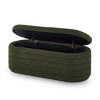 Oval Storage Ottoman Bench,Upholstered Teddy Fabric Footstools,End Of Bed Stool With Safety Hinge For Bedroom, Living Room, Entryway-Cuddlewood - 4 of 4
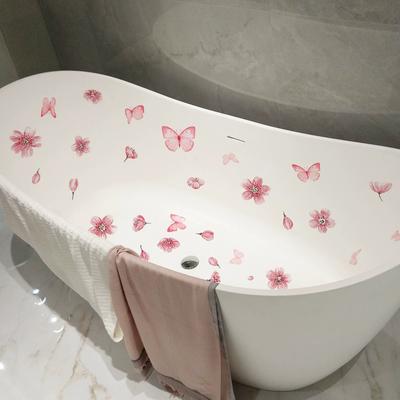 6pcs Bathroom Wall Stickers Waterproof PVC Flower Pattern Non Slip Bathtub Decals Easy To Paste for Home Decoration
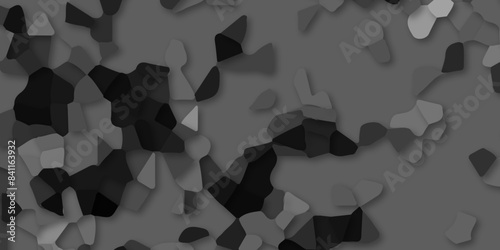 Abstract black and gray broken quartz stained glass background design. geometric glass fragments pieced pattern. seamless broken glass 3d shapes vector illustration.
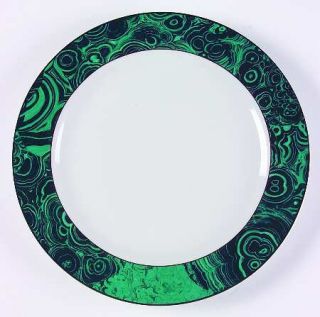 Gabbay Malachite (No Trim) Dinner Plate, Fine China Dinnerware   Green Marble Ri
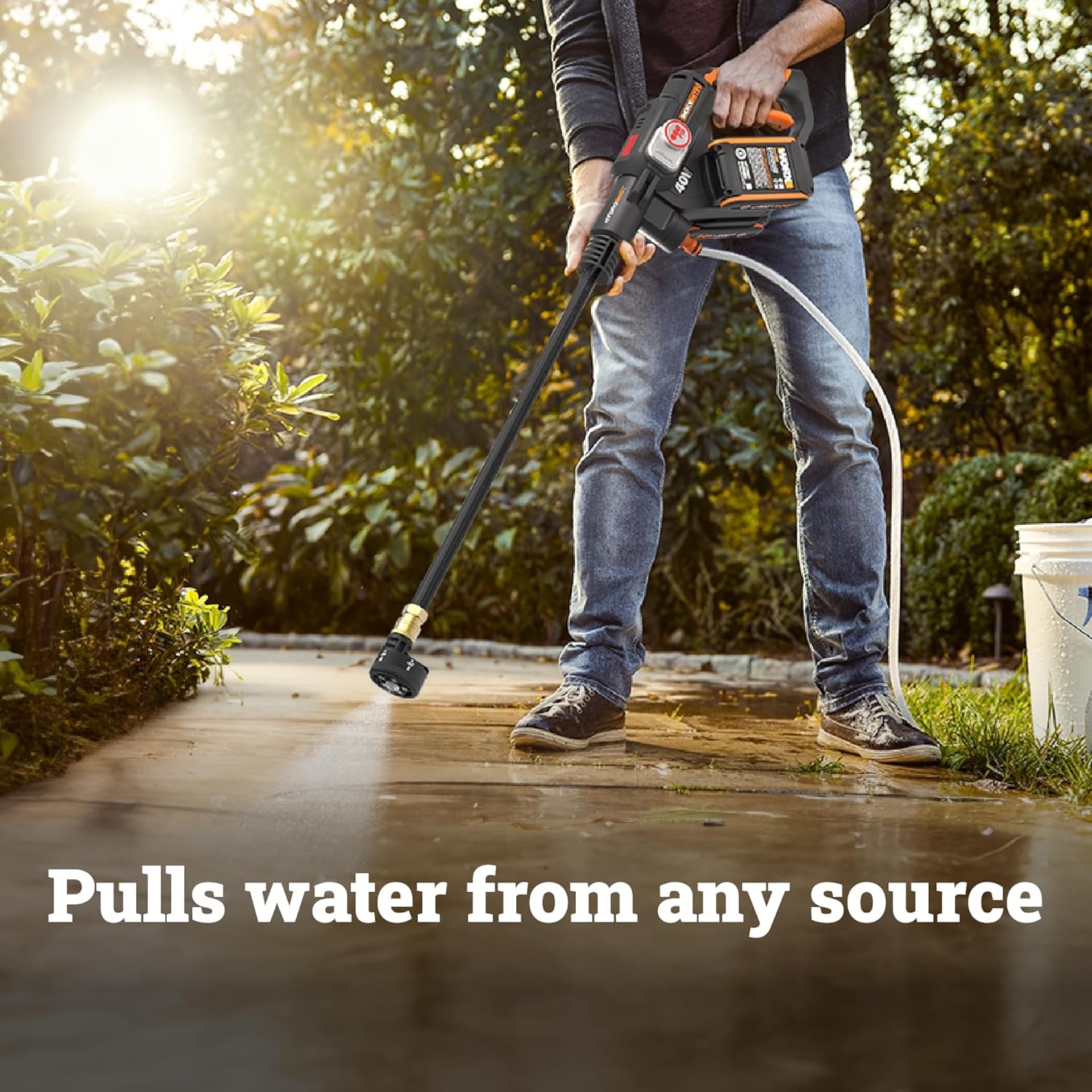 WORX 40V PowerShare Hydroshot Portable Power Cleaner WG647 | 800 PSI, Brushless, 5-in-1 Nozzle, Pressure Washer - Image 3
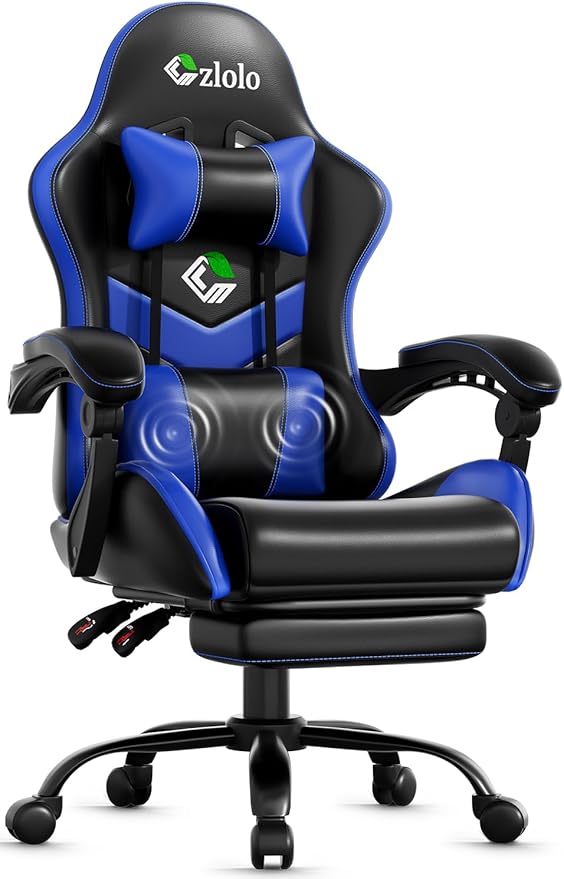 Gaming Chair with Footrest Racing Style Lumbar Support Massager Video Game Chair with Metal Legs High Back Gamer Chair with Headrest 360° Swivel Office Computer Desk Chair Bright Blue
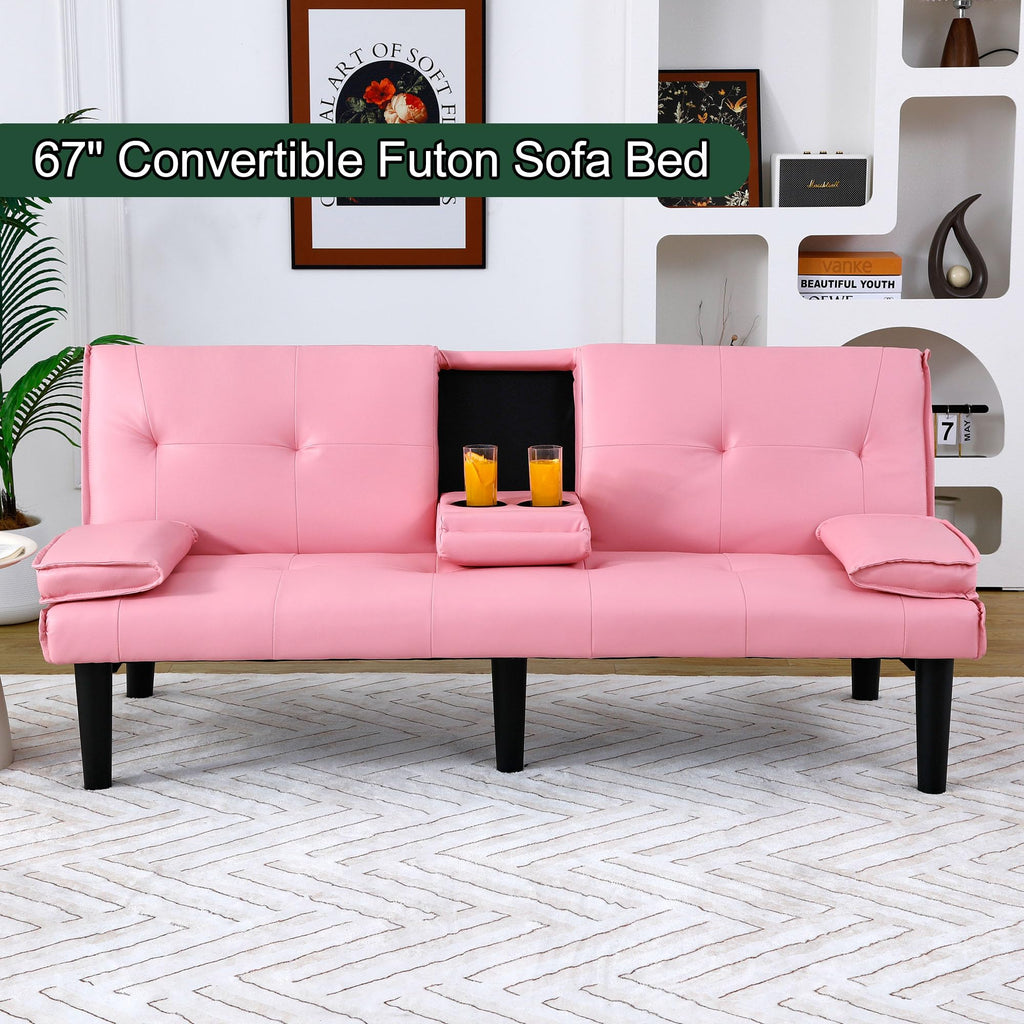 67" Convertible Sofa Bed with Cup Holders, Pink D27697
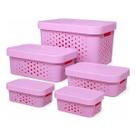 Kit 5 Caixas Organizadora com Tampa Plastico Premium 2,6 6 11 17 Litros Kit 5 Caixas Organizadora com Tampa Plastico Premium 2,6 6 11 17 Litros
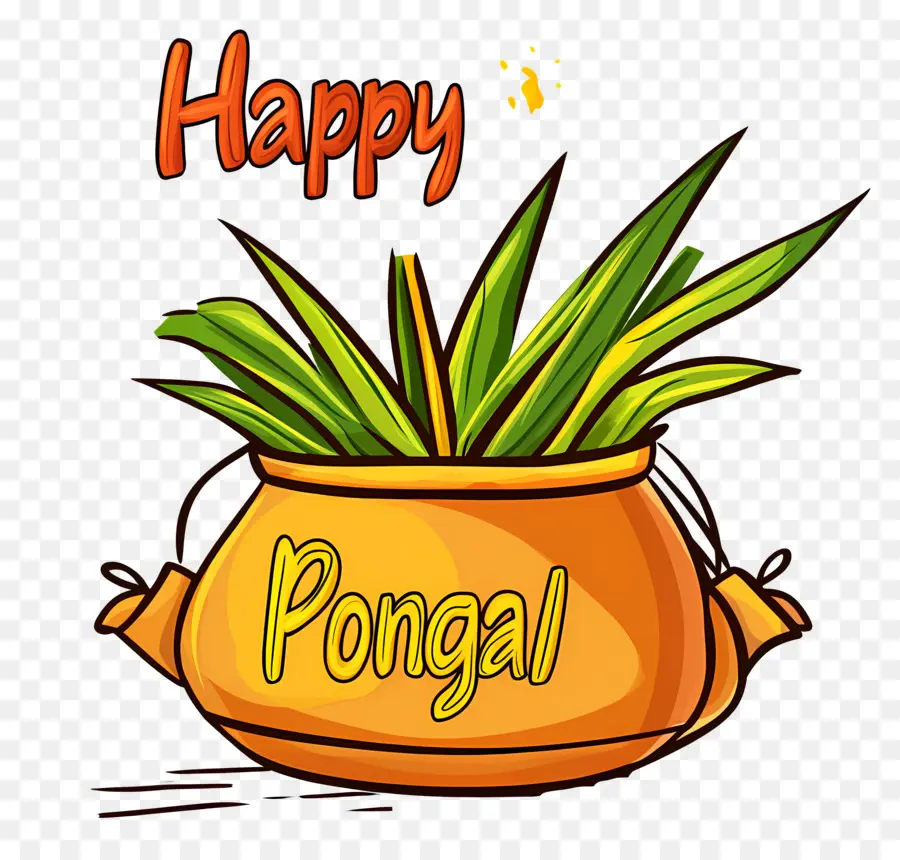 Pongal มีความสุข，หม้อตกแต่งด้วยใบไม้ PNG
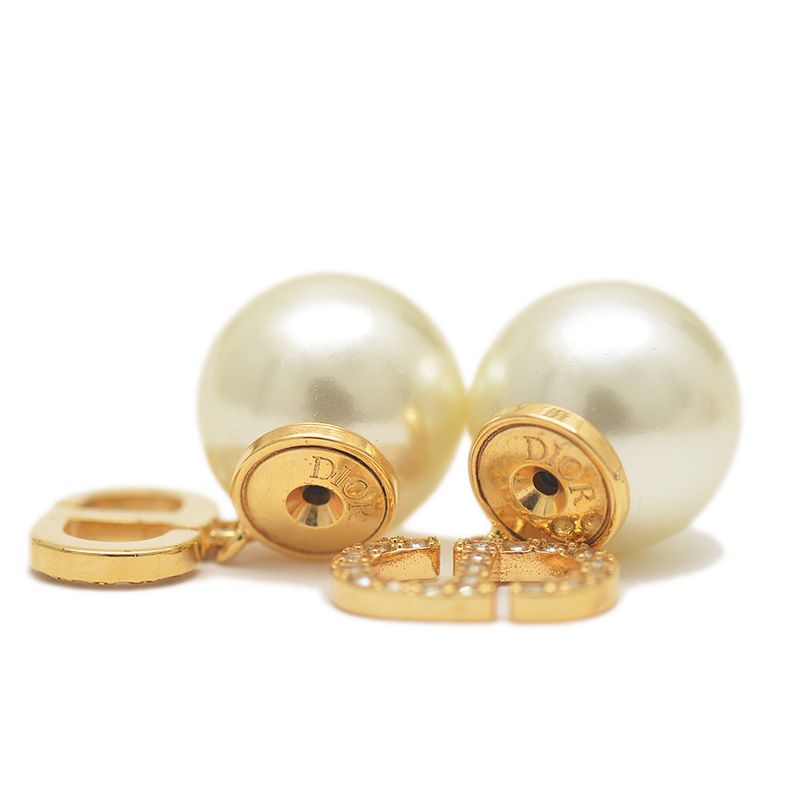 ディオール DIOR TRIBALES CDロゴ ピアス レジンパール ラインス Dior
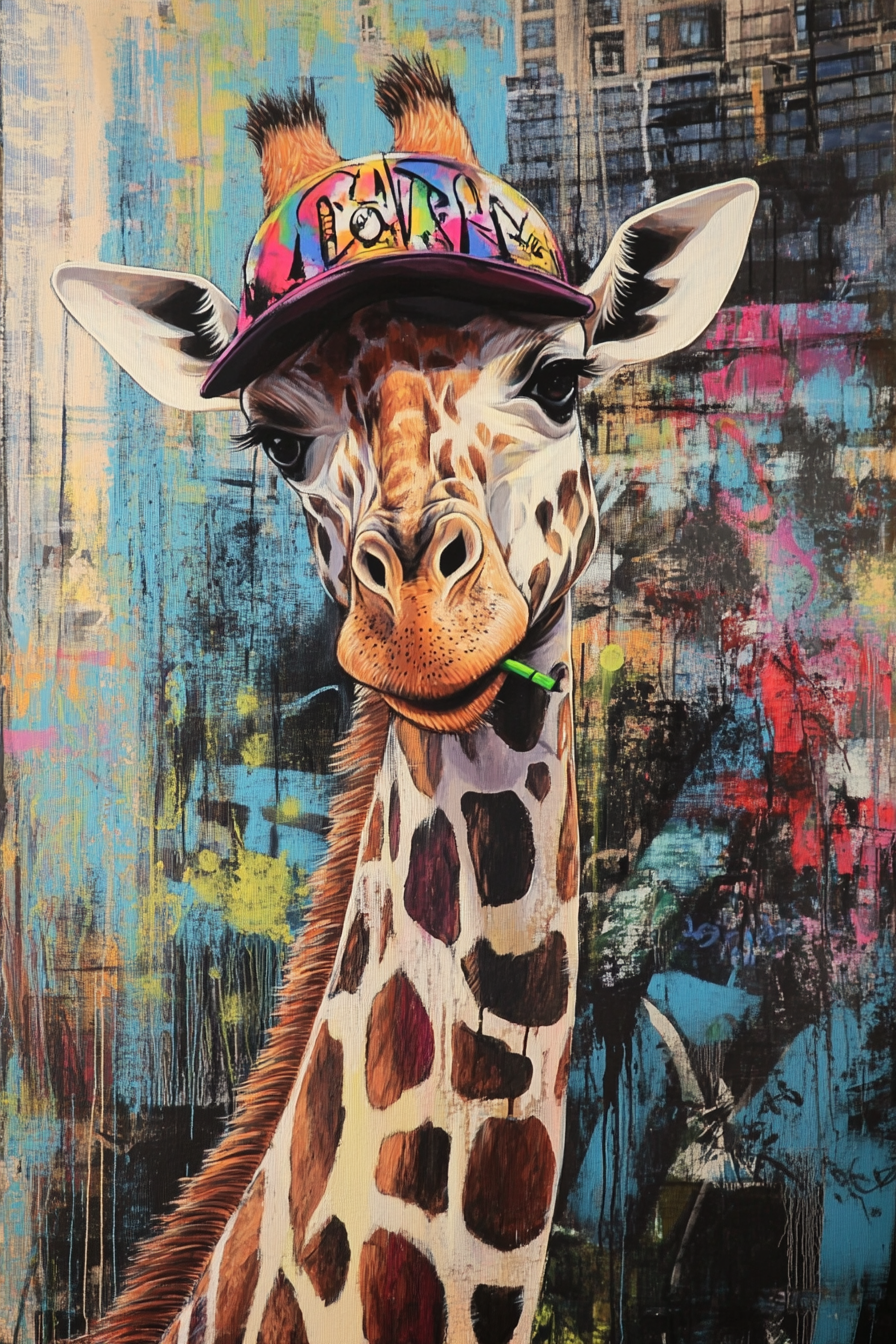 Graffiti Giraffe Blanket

(WHAT NEEDS TO BE DONE)
Your answer is all of the records restated word for word, pictures excluded.

(YOUR SOLUTION)
 Oval Storage Ottoman Bench,Upholstered Teddy Fabric Footstools,End Of Bed Stool With Safety Hinge For Bedroom, Living Room, Entryway-Cuddlewood - 4 of 4
 6pcs Bathroom Wall Stickers Waterproof PVC Flower Pattern Non Slip Bathtub Decals Easy To Paste for Home Decoration
 Abstract black and gray broken quartz stained glass background design. geometric glass fragments pieced pattern. seamless broken glass 3d shapes vector illustration.
 Gabbay Malachite (No Trim) Dinner Plate, Fine China Dinnerware   Green Marble Ri
 WORX 40V PowerShare Hydroshot Portable Power Cleaner WG647 | 800 PSI, Brushless, 5-in-1 Nozzle, Pressure Washer - Image 3
 Gaming Chair with Footrest Racing Style Lumbar Support Massager Video Game Chair with Metal Legs High Back Gamer Chair with Headrest 360° Swivel Office Computer Desk Chair Bright Blue
 67" Convertible Sofa Bed with Cup Holders, Pink D27697
 Kit 5 Caixas Organizadora com Tampa Plastico Premium 2,6 6 11 17 Litros Kit 5 Caixas Organizadora com Tampa Plastico Premium 2,6 6 11 17 Litros
 Pongal มีความสุข，หม้อตกแต่งด้วยใบไม้ PNG
 ディオール DIOR TRIBALES CDロゴ ピアス レジンパール ラインス Dior
 Graffiti Giraffe Blanket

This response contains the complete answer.